Cache stampede prevention
The thundering herd: a cache key expires, 1000 requests simultaneously get a miss, all query the database at once. The DB collapses. Prevention:
# Option 1: Mutex lock on cache miss
import threading
_locks: dict[str, threading.Lock] = {}
def get_user_with_lock(user_id: str) -> dict:
cache_key = f"user:{user_id}"
# Fast path: cache hit
cached = r.get(cache_key)
if cached:
return json.loads(cached)
# Slow path: acquire per-key lock
lock = _locks.setdefault(cache_key, threading.Lock())
with lock:
# Re-check after acquiring lock (another thread may have populated it)
cached = r.get(cache_key)
if cached:
return json.loads(cached)
# We hold the lock — we are the one to populate the cache
user = db.query("SELECT * FROM users WHERE id = %s", (user_id,)).fetchone()
r.setex(cache_key, 300, json.dumps(user))
return user
# Option 2: Probabilistic early expiry (XFetch algorithm)
import math
import random
import time
def get_with_early_expiry(key: str, ttl: int, fetch_fn, beta: float = 1.0):
"""Stochastically refresh the cache before it expires."""
result = r.get(key)
if result:
data = json.loads(result)
remaining_ttl = r.ttl(key)
# Compute fetch time from metadata stored in cache
fetch_time = data.get("_fetch_time", 1.0)
# XFetch: decide whether to refresh early
if remaining_ttl - beta * fetch_time * math.log(random.random()) < 0:
# Trigger early refresh
result = None
if not result:
start = time.monotonic()
value = fetch_fn()
elapsed = time.monotonic() - start
value["_fetch_time"] = elapsed # store fetch time for XFetch calculation
r.setex(key, ttl, json.dumps(value))
return value
return json.loads(result)
Cache invalidation patterns
# Pattern 1: Tag-based invalidation
def get_user_orders(user_id: str) -> list:
key = f"orders:{user_id}"
cached = r.get(key)
if cached:
return json.loads(cached)
orders = db.query("SELECT * FROM orders WHERE user_id = %s", (user_id,)).fetchall()
r.setex(key, 300, json.dumps(orders))
# Tag for bulk invalidation
r.sadd(f"tag:user:{user_id}", key)
return orders
def invalidate_user_cache(user_id: str):
"""Invalidate all cache keys tagged with this user."""
tag_key = f"tag:user:{user_id}"
keys = r.smembers(tag_key)
if keys:
r.delete(*keys)
r.delete(tag_key)
# Call on any user data change
def update_order(order_id: str, user_id: str, updates: dict):
db.execute("UPDATE orders SET ... WHERE id = %s", (order_id,))
invalidate_user_cache(user_id) # invalidate all user-related cache keys
The two rules of caching
- Cache the output of expensive operations, not cheap ones. If a DB query takes 1ms and your cache adds 0.5ms overhead, you are not winning.

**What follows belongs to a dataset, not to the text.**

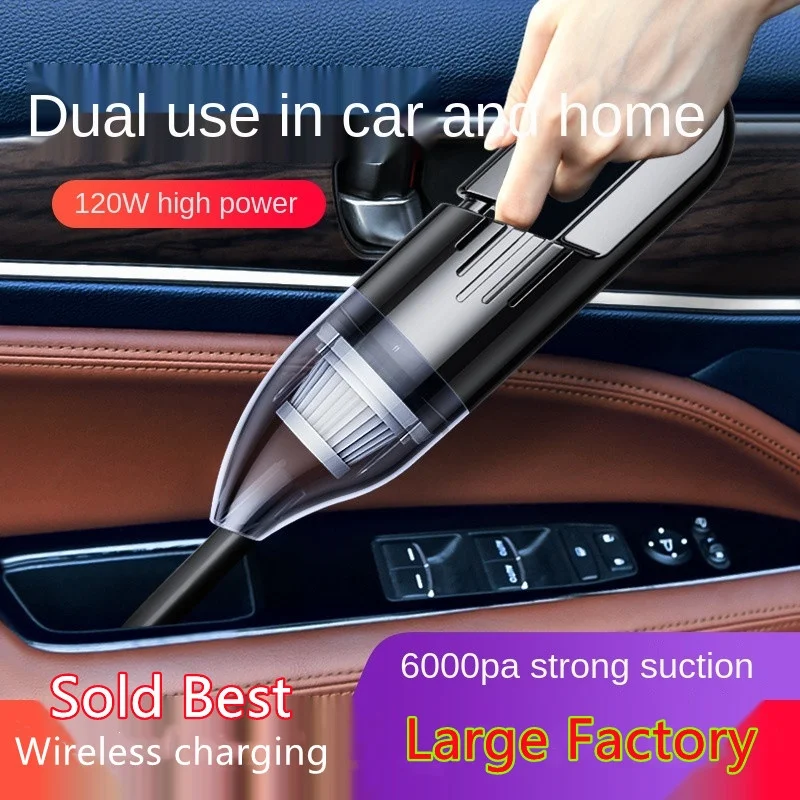 6000Pa Car Cleaner High Power for Car and Home Household and Vehicle Wireless Vacuum Cleaner Mini Mite Removal Instrument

- Have a plan for invalidation before you cache anything. "We will figure out invalidation later" always means stale data in production. Decide on the invalidation strategy (TTL, explicit delete, tag-based) before you write the first cache line.
Cache stampede has caused more production incidents than stale data. Protect your DB with a mutex or probabilistic refresh, especially for your most popular cache keys.